We talked to him in English, to prepare him for our journey to New York to live with Papa. Hortensia stared at us in bewilderment, trying to decipher a language that to her sounded harsh.
“Why do you want to complicate the life of a poor child who hasn’t said his first word yet?” she muttered to herself.
She spoke to Gustav in Spanish, with a maternal softness and rhythm to which we were unaccustomed. One morning, while she was changing him, we heard her conversing with him.
“What does my lovely little Polack have to say?”
Our eyes opened wide, but we said nothing. We simply laughed and let her carry on. That was the day I realized my mother had not had Gustav circumcised, violating an ancient tradition. I didn’t judge her: I had no right to. I understood she was doing everything she could to erase all possible traces of guilt—the guilt that led us to flee a country I once thought I belonged to. She wanted to save her son; to give him the chance to start again from zero. He had been born in New York, was for the time being in Cuba, and would never know where his parents had come from. It was a perfect plan.
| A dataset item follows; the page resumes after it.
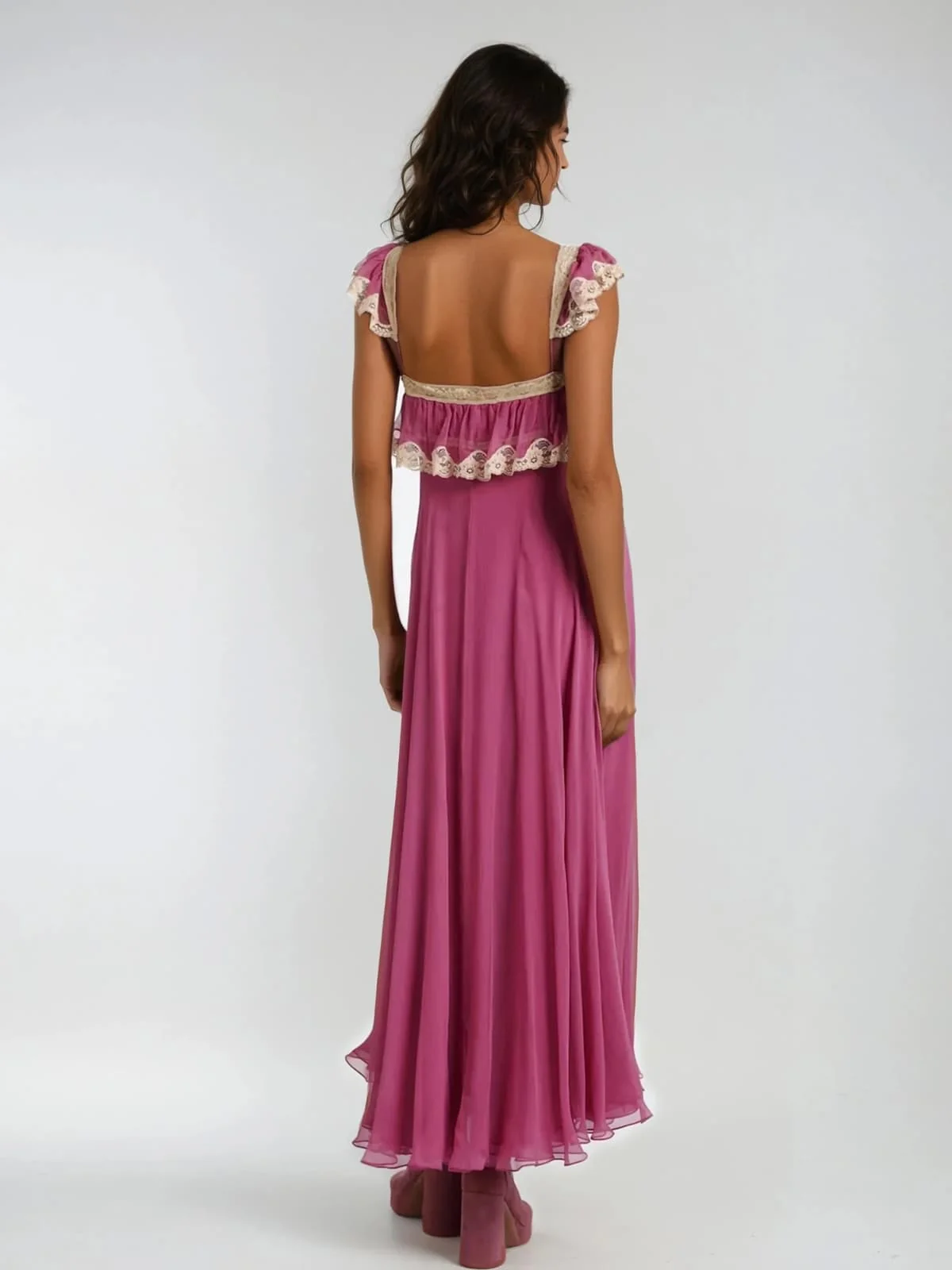 Yaqora Lace Trimmed Maxi Dress - Image 2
But, circumcised or not, here Gustav would be just another “Polack.”
Without asking, Hortensia had given the boy a little jewel. This made my mother uncomfortable, because she did not know whether to thank her, give it back to her, or pay her for it. She also thought that wearing a pin on his nightgowns was dangerous, even if it was made of gold. The small bead dangling from a safety pin was always attached to his white linen gown, on the same side as his heart.
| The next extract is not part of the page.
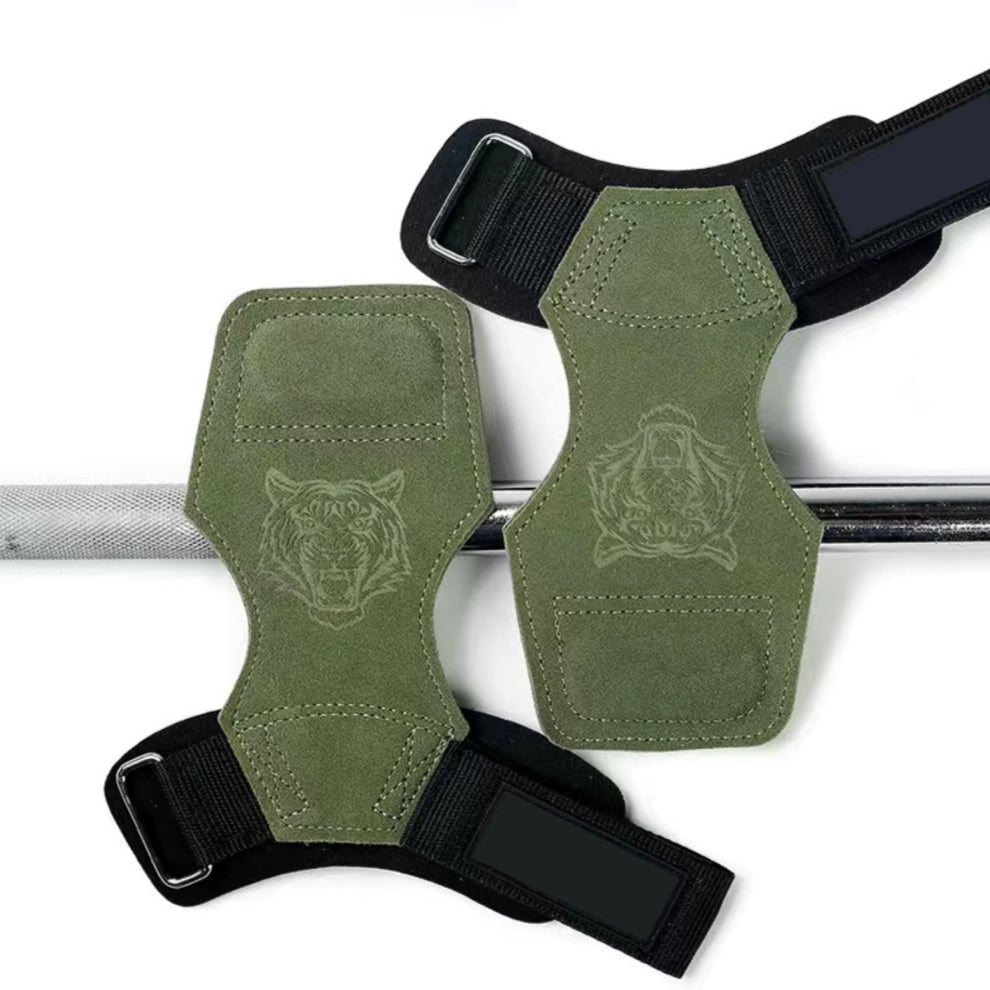 Custom tiger-pattern gym gloves for private-label fitness brands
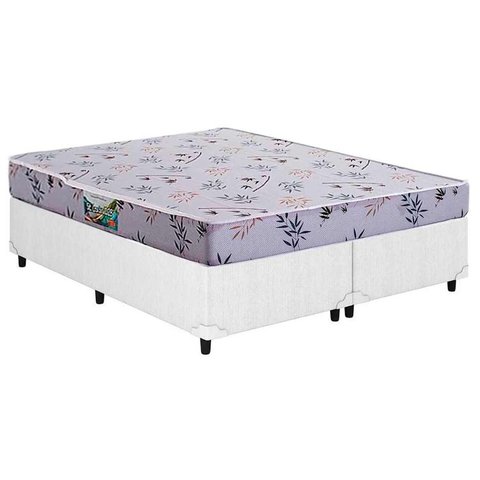 Colchão Queen Herval D28 ST. Louis 17+Box White 158x198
“It’s made of black amber, to ward off evil,” Hortensia explained to my mother very seriously. She wasn’t seeking Mother’s approval or disapproval, because she was sure we also wanted only what was good for the boy.
That black stone on his chest was to become his inseparable talisman. We accepted it because, if at least part of Gustav’s childhood was to be spent in Cuba, then he would have to learn to live with the customs and traditions of the country that had taken him in.
In a matter of months, my body began to change: curves and shapes began to appear where I least expected them. I started wearing loose-fitting blouses, mostly because of the heat, but one morning, when she saw me lifting Gustav out of the Moses, Mother seemed suddenly to
realize what was going on and immediately went off to the kitchen to have a secret chat with Hortensia.
I was not ready to become a woman. In my dreams, I still saw Leo as a child, and it terrified me to think that while I was growing up, he was still as small as I saw him in memory.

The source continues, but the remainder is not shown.